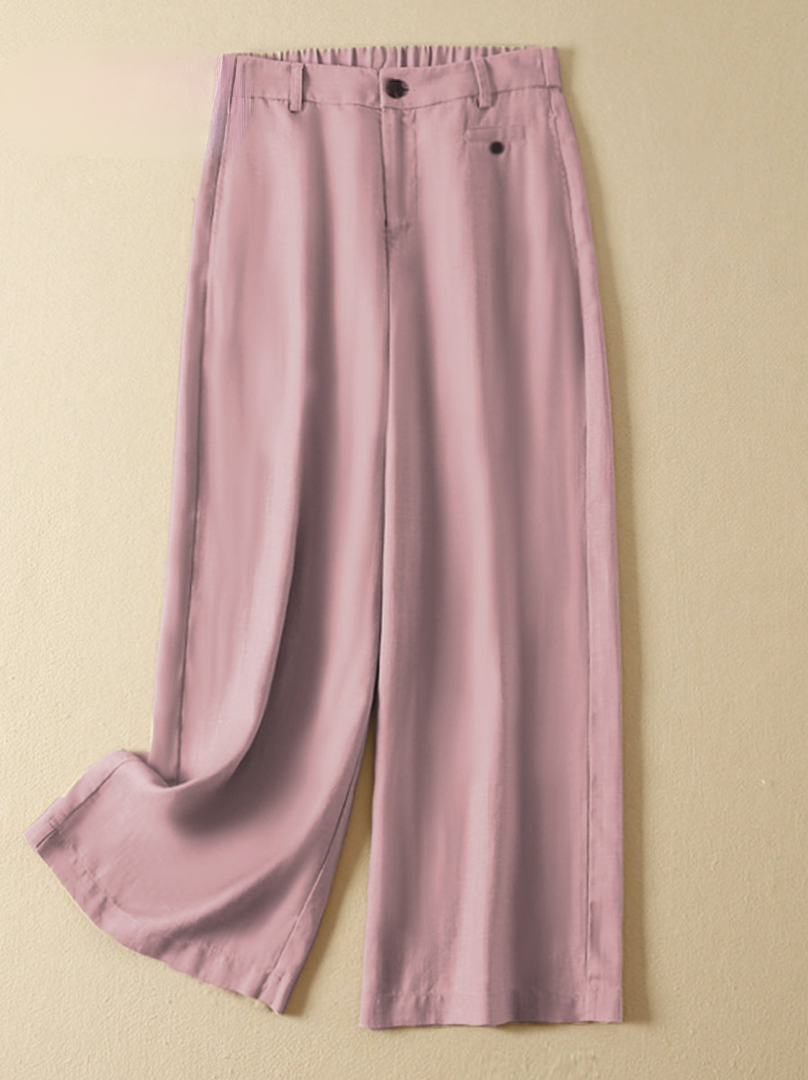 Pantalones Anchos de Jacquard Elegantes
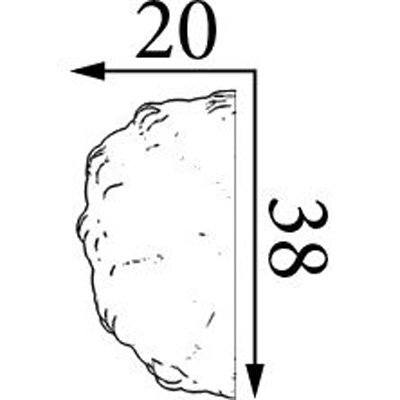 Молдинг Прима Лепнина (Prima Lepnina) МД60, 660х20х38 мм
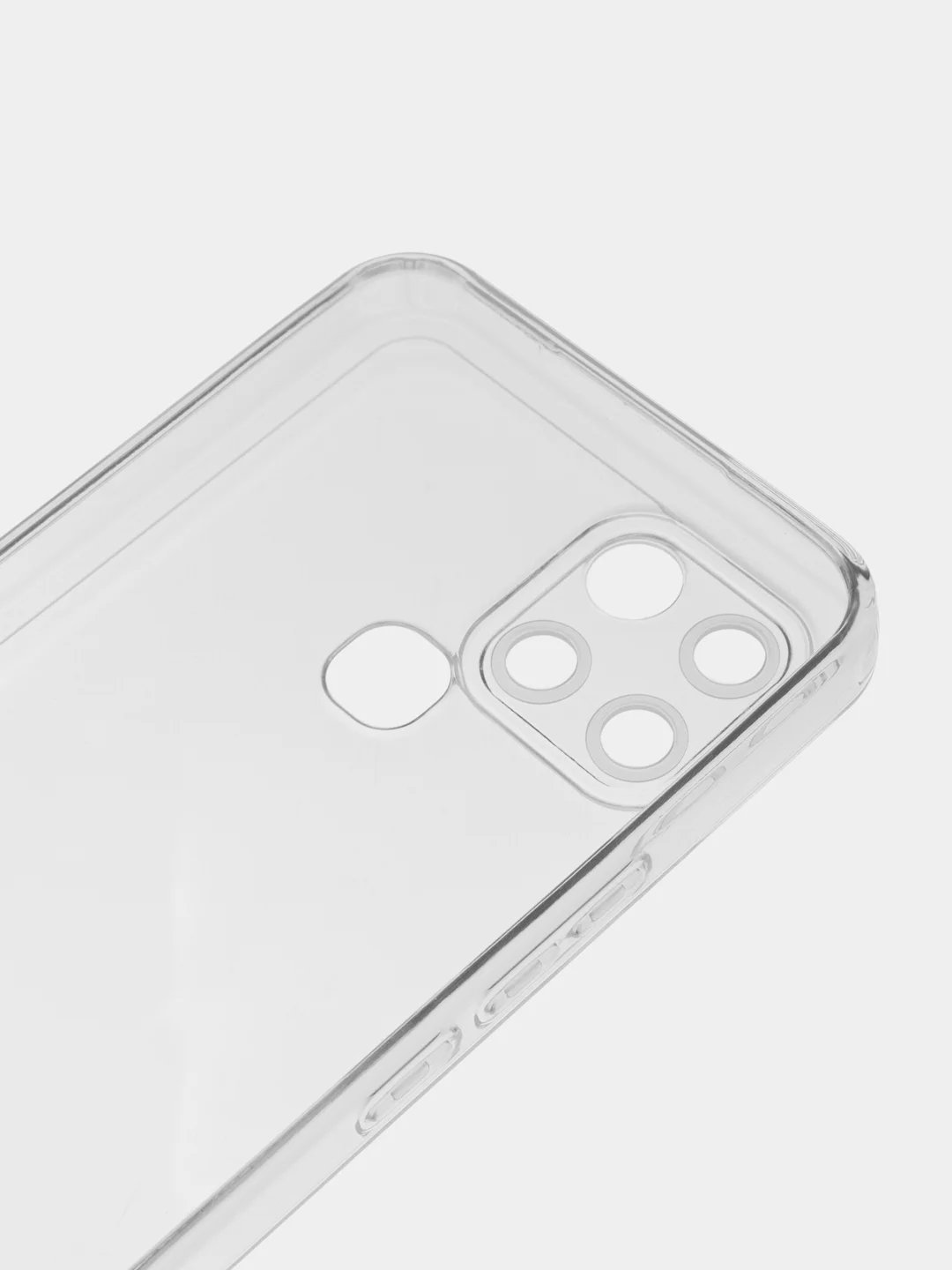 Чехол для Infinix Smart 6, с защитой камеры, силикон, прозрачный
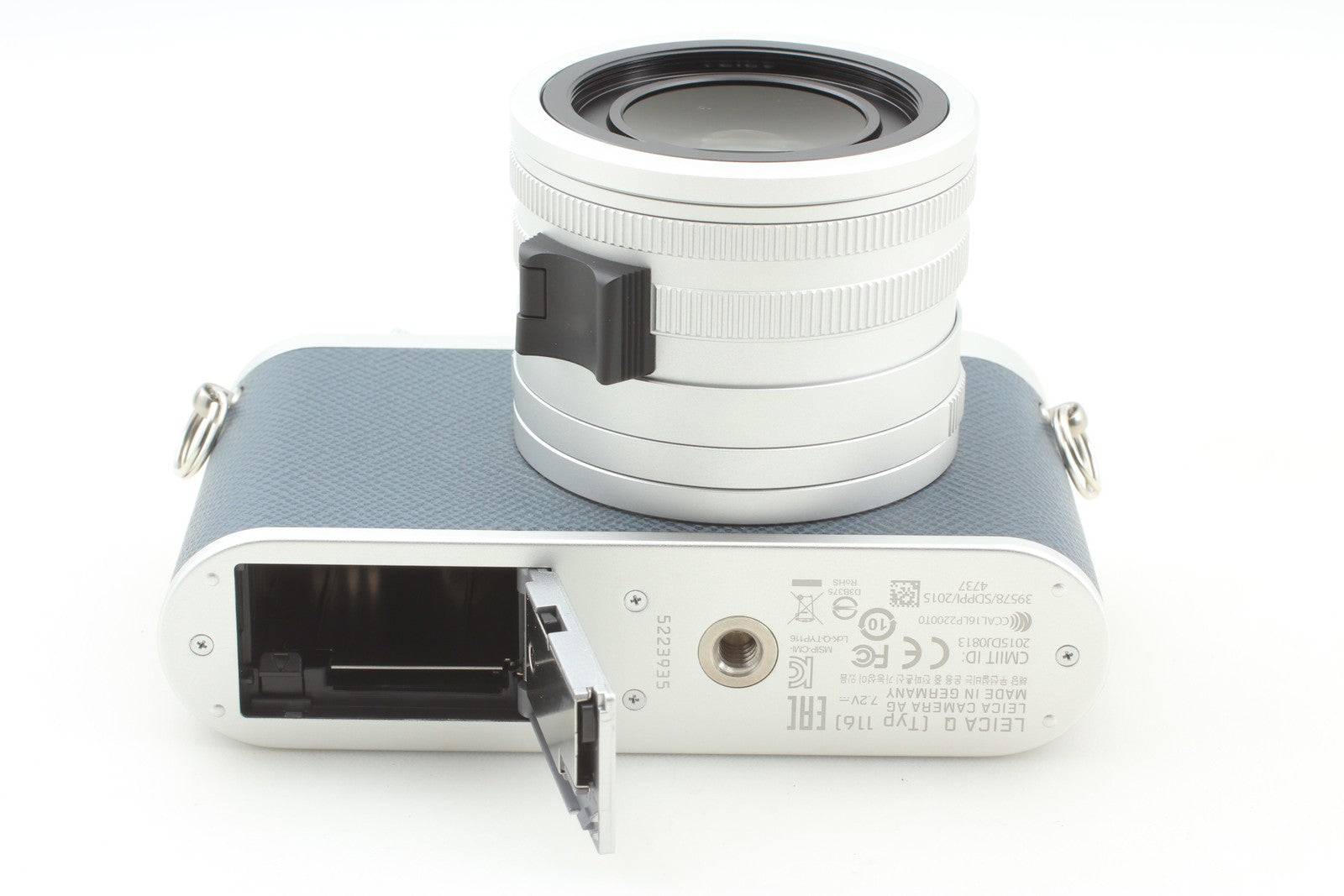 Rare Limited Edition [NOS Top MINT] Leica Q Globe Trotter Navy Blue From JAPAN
--
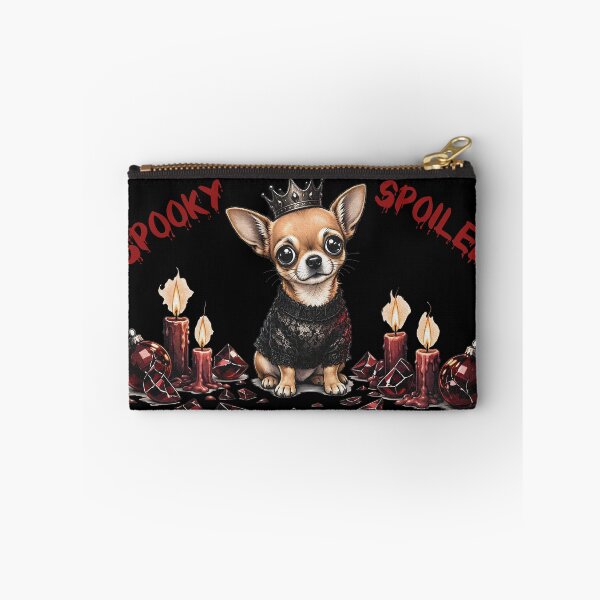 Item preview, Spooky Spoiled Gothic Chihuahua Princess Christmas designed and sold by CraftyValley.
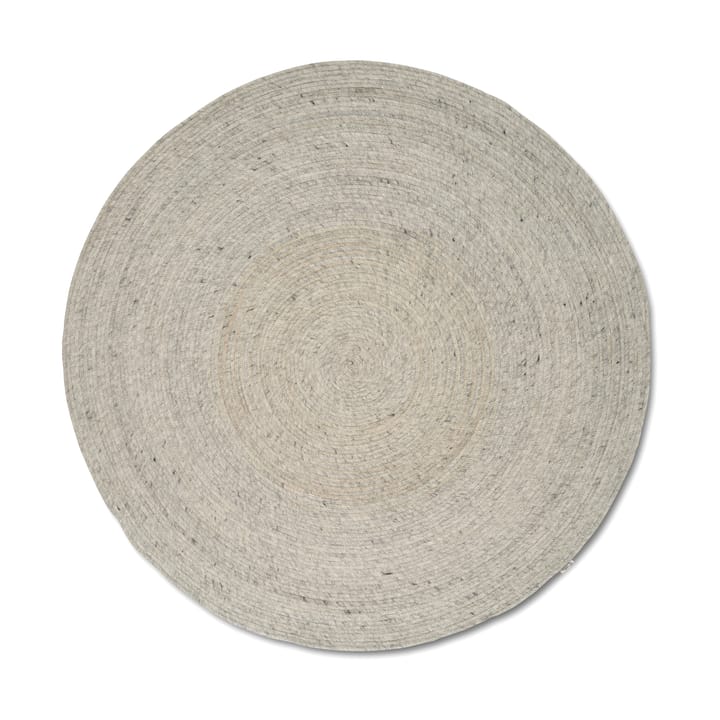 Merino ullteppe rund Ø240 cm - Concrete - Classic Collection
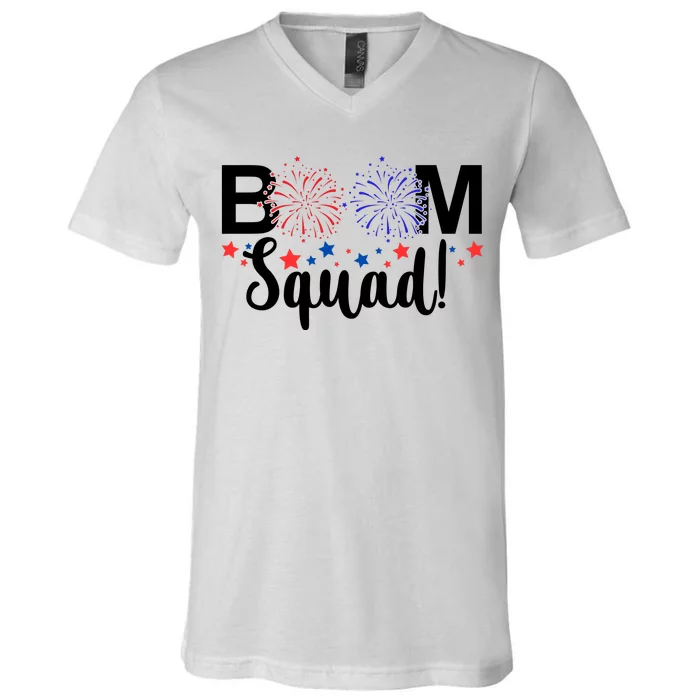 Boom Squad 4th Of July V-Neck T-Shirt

• **Task to complete**
A clean copy is needed of the lines in the listing above from the one with "Молдинг Прима Лепнина" through the one with "Rare Limited Edition", exact in every word and free of pictures.

• **Reply**
 Молдинг Прима Лепнина (Prima Lepnina) МД60, 660х20х38 мм
 Чехол для Infinix Smart 6, с защитой камеры, силикон, прозрачный
 Rare Limited Edition [NOS Top MINT] Leica Q Globe Trotter Navy Blue From JAPAN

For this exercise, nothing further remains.